### Material provided
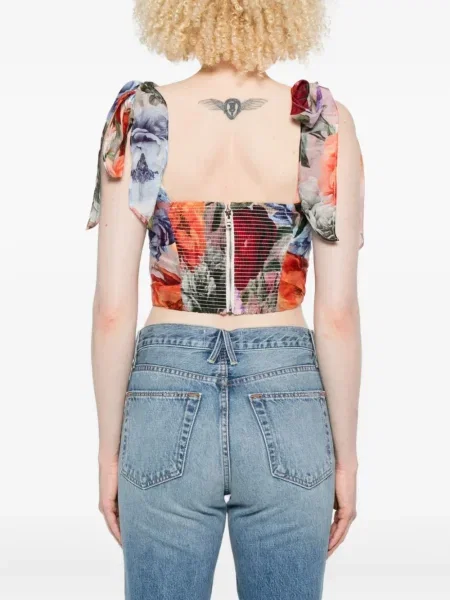 Блуза Alice + Olivia на цветя с принт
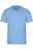 TRIGEMA T-Shirt V-hals blauw, Effen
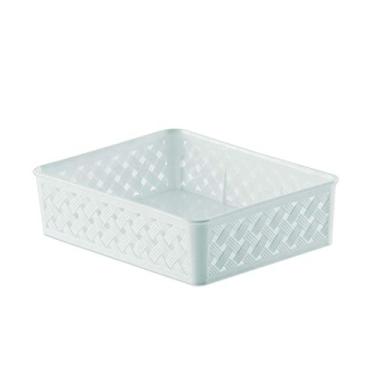 Imagem de Cesto organizador Rattan 21x19x6,5cm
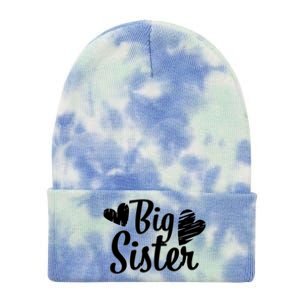 Big Sister Cute Logo Tie Dye 12in Knit Beanie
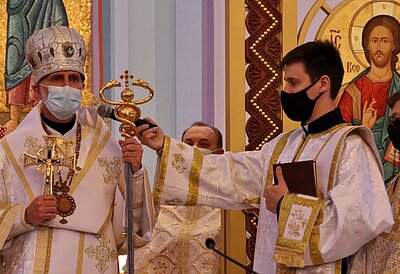 Metropolitan Borys Visits the Parish in Passaic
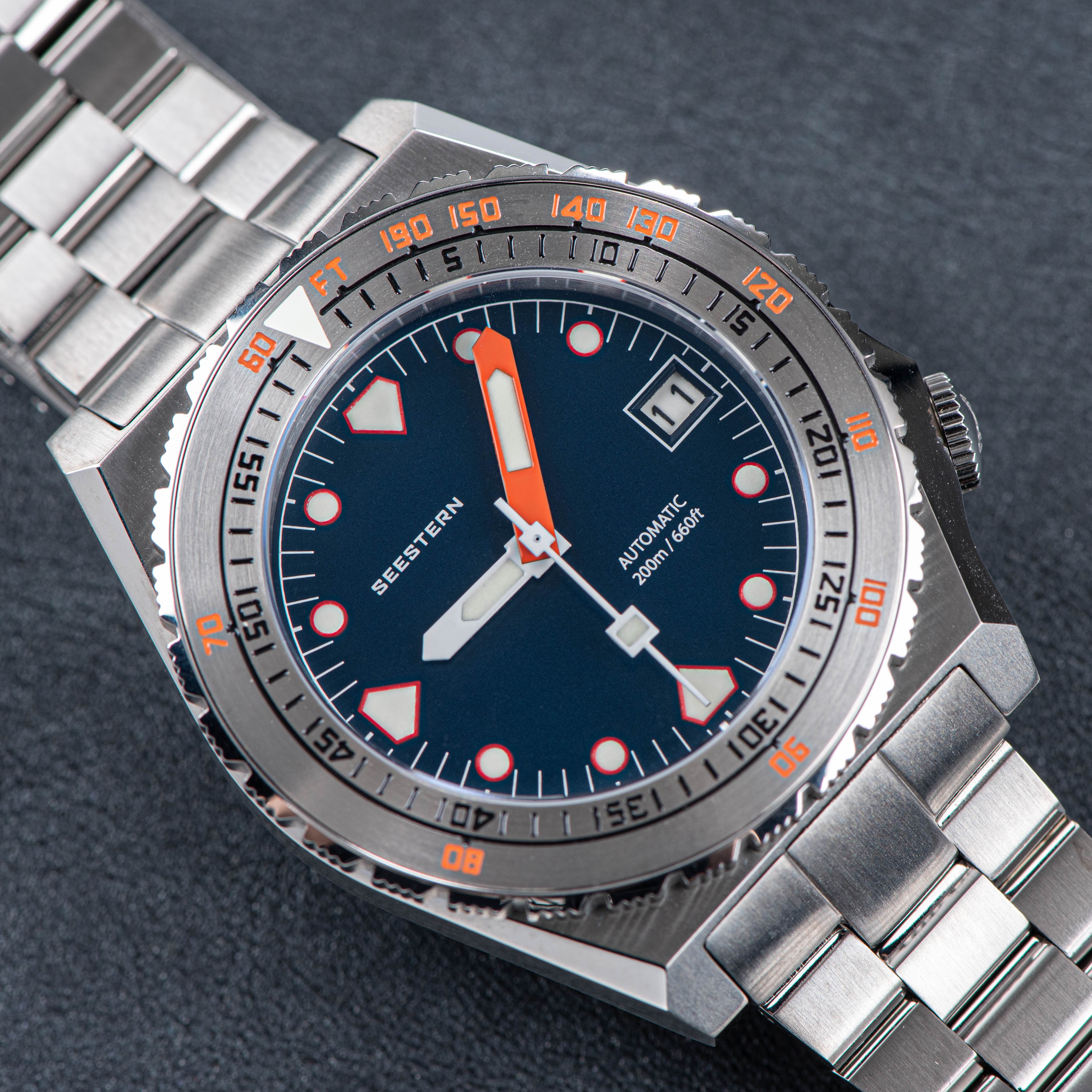 Seestern Sub300T Stainless Steel Ceramic Bezel Seaman NH35A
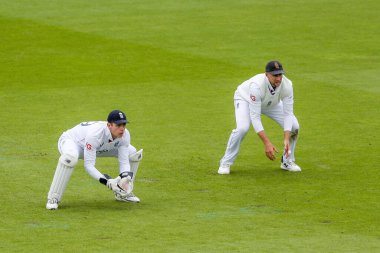 İngiltere 'den Jamie Smith ve Joe Root, 5. Rothesay Test Maçı' nda 3. İngiltere Hindistan 'a karşı Kia Oval, Londra, İngiltere, 2 Ağustos 2025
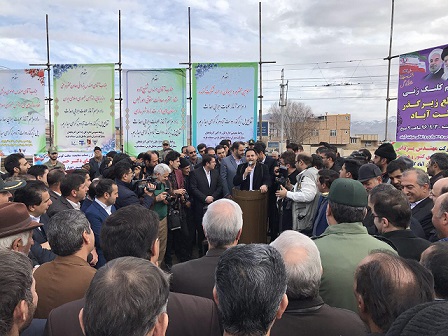 کلنگ زنی تقاطع زیرگذر دولت آباد مرند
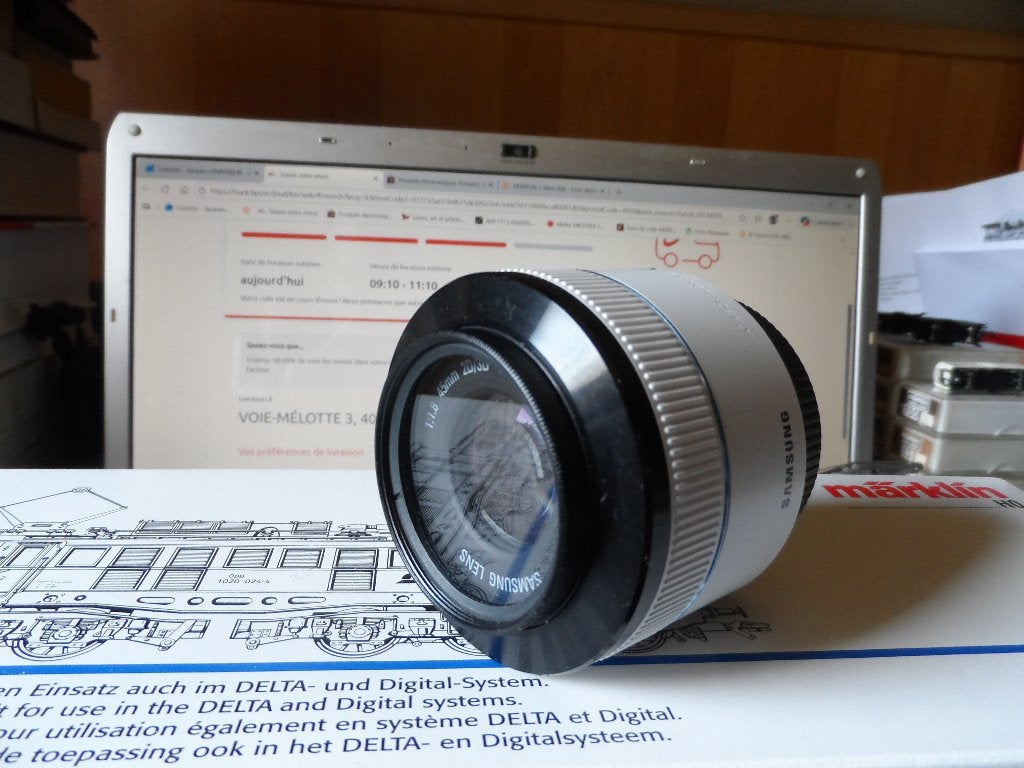 SAMSUNG NX - 2D/3D-lens - F 1,8/45 mm i-Function - in wit..., Audio, Tv en Foto, Foto | Lenzen en Objectieven, Zo goed als nieuw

### Your instructions
Would you please output each record exactly, leaving the images out?

### Task output
 Блуза Alice + Olivia на цветя с принт
 TRIGEMA T-Shirt V-hals blauw, Effen
 Imagem de Cesto organizador Rattan 21x19x6,5cm
 Big Sister Cute Logo Tie Dye 12in Knit Beanie
 Metropolitan Borys Visits the Parish in Passaic
 Seestern Sub300T Stainless Steel Ceramic Bezel Seaman NH35A
 İngiltere 'den Jamie Smith ve Joe Root, 5. Rothesay Test Maçı' nda 3. İngiltere Hindistan 'a karşı Kia Oval, Londra, İngiltere, 2 Ağustos 2025
 کلنگ زنی تقاطع زیرگذر دولت آباد مرند
 SAMSUNG NX - 2D/3D-lens - F 1,8/45 mm i-Function - in wit..., Audio, Tv en Foto, Foto | Lenzen en Objectieven, Zo goed als nieuw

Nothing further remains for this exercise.